## DATASET:

----------------------------------------

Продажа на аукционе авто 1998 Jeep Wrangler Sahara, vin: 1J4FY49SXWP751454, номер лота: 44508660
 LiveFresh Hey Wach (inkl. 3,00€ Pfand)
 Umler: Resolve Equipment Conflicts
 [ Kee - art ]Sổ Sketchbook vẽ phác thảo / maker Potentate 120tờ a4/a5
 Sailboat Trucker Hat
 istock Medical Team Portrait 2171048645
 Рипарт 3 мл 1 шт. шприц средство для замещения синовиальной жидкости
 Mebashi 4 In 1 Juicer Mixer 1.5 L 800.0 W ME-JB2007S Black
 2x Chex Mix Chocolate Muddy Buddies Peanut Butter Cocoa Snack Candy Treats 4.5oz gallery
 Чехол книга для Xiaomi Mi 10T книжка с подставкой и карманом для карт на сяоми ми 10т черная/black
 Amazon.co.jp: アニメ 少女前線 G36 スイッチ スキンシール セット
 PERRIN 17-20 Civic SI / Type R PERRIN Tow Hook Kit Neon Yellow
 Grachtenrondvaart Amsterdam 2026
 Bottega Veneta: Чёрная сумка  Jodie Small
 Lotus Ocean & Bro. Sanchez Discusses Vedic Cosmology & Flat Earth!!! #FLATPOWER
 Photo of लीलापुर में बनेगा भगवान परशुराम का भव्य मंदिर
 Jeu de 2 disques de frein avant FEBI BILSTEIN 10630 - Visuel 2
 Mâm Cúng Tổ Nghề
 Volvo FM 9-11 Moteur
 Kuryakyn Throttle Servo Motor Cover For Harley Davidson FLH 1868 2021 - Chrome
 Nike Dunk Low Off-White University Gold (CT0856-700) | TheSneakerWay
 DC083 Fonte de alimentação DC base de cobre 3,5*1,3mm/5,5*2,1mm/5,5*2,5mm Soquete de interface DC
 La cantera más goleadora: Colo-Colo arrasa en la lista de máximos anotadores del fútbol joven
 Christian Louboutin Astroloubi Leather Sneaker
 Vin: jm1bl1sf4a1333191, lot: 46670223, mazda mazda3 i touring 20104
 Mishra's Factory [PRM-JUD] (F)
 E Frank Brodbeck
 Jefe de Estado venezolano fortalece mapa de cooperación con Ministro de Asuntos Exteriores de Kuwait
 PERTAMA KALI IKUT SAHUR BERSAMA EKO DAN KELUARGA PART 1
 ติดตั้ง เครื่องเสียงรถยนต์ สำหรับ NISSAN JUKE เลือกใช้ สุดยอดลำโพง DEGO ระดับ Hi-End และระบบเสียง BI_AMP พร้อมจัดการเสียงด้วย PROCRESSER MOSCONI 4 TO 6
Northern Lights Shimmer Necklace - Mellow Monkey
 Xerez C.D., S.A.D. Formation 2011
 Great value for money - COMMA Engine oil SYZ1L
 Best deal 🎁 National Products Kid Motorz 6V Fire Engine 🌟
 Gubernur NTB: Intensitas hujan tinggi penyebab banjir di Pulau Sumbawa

----------------------------------------

## WHAT YOU WILL DO:
Only the lines above from the line containing "Jefe de Estado" through the line containing "Xerez C.D., S.A.D. Formation 2011" should be retyped, exactly and with both ends included.

## ANSWER TO THIS EXERCISE:
 Jefe de Estado venezolano fortalece mapa de cooperación con Ministro de Asuntos Exteriores de Kuwait
 PERTAMA KALI IKUT SAHUR BERSAMA EKO DAN KELUARGA PART 1
 ติดตั้ง เครื่องเสียงรถยนต์ สำหรับ NISSAN JUKE เลือกใช้ สุดยอดลำโพง DEGO ระดับ Hi-End และระบบเสียง BI_AMP พร้อมจัดการเสียงด้วย PROCRESSER MOSCONI 4 TO 6
Northern Lights Shimmer Necklace - Mellow Monkey
 Xerez C.D., S.A.D. Formation 2011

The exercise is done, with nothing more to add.